Estimating the Occurrences of a Specific Trinucleotide near the 3′-Ends of Each Copy
To estimate the association of each copy with microsatellite-like sequence at the 3′-ends, the occurrences of a specific trinucleotide near the 3′-ends of each copy were examined. Ten bases of 3′-ends of BLAST-detected sequences plus ten bases of their 3′ flanking sequences were extracted from genomic sequences. Within these sequences, a specific trinucleotide was searched for with a Python script. The results are summarized in supplementary table S3, Supplementary Material online.
3D Model of RTE EN
The 3D structure of the EN domain from the LINEs with indiscriminate integration sites was previously determined for only human L1. Using human L1-EN (Protein Data Bank ID: 1vyb) as a template, 3D models of soybeanRTE-EN were constructed with MODELLER (Fiser and Šali 2003) in Chimera (Pettersen et al. 2004). Of the five models generated, the model with the highest scores (GA341 = 1.00, zDOPE = −0.28) was selected for further analyses.
Results
Plant Au-like SINEs and RTE-Clade LINEs Share 3′-Terminal Sequences
We analyzed the characteristics of Au-like SINE sequences from various angiosperms identified based on sequence similarity to known Au SINEs. Figure 1 shows sequence comparisons of the full-length Au-like SINEs and the 3′-terminal sequence of a potatoRTE (RTE-1_STu). Nucleotide sequences of the 3′-terminal region of the RTE (positions 3991–4069; supplementary figs. S6–S8, Supplementary Material online) and Au-like SINEs (positions 69–144) were very similar (pairwise distances: 0.135–0.362), a finding which suggests this region is essential for retroposition. Nucleotide positions 127–144 of the SINEs and the corresponding region of the RTE-clade LINEs were predicted to form a hairpin-like RNA secondary structure, which was conserved with several compensatory mutations (fig. 2). Since the RNA secondary structures of the 3′-terminal region from several LINEs are essential to initiate reverse transcription, it is highly plausible that Au-like SINEs have retrotransposed with the RTE-clade LINE machinery.
. 1.
—Sequence comparisons of Au-like SINEs and the 3′-terminal sequence of an RTE. The entire sequence of Au-like SINEs and the 3′-terminal sequence (∼160 nucleotides) of a potato RTE-clade LINE (RTE-1_STu) (light blue) are aligned. Dots and hyphens represent identical nucleotides to the consensus sequence (shown at top) and gaps, respectively. Nucleotide positions of the SINEs and the LINE are shown on the top and bottom, respectively. The two internal promoters for RNA polymerase III (box A: positions 13–24; box B: 57–67) are shown in open boxes with the consensus sequences. Nucleotide positions (127–144) predicted to form a hairpin-like RNA secondary structure are shown in the grey box.
. 2.
—Secondary structure models for the 3′-terminal sequences of Au-like SINEs and RTE-clade LINEs. Transcripts from this region may form putative hairpin structures. Compensatory mutations, (A: T) ↔ (G: C) or (C: G) ↔ (A: T), are shown by pink and blue rectangles, respectively.

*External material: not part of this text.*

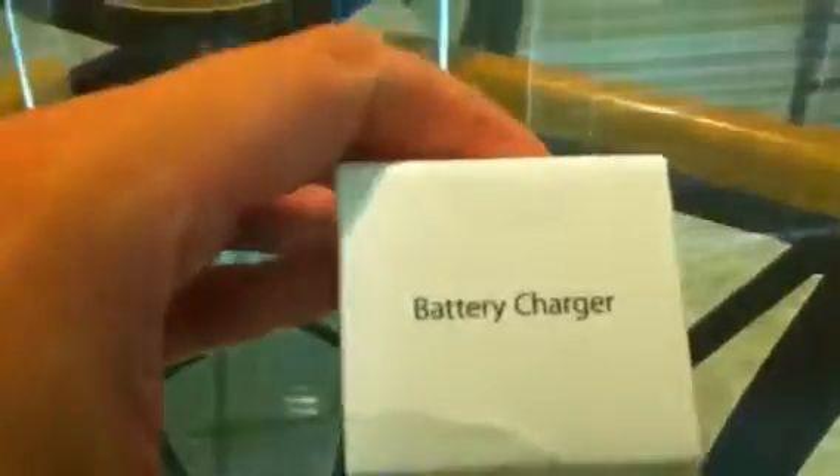Apple battery charger and the rechargeable batteries, of course. The unboxing — there's the side, there's the back side, Apple logo, there's the side, battery charger. A little bent on the box.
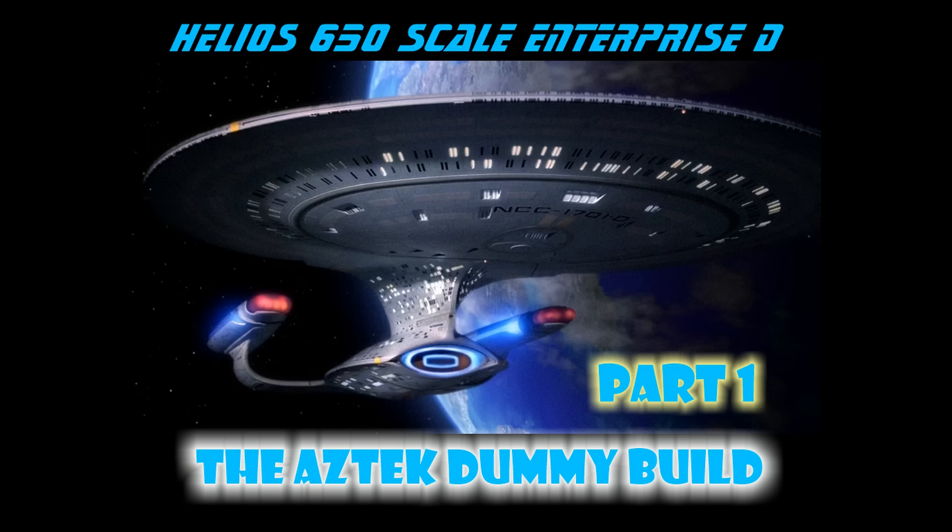Looks like I picked the wrong week to quit sniffing glue. Well, this is it, kids. This is chapter one on the Helios 650 Enterprise D build — my particular take on this build.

—Sequence comparisons of Au-like SINEs and the 3′-terminal sequence of an RTE. The entire sequence of Au-like SINEs and the 3′-terminal sequence (∼160 nucleotides) of a potatoRTE-clade LINE (RTE-1_STu) (light blue) are aligned. Dots and hyphens represent identical nucleotides to the consensus sequence (shown at top) and gaps, respectively. Nucleotide positions of the SINEs and the LINE are shown on the top and bottom, respectively. The two internal promoters for RNA polymerase III (box A: positions 13–24; box B: 57–67) are shown in open boxes with the consensus sequences. Nucleotide positions (127–144) predicted to form a hairpin-like RNA secondary structure are shown in the grey box.—Secondary structure models for the 3′-terminal sequences of Au-like SINEs and RTE-clade LINEs. Transcripts from this region may form putative hairpin structures. Compensatory mutations, (A: T) ↔ (G: C) or (C: G) ↔ (A: T), are shown by pink and blue rectangles, respectively.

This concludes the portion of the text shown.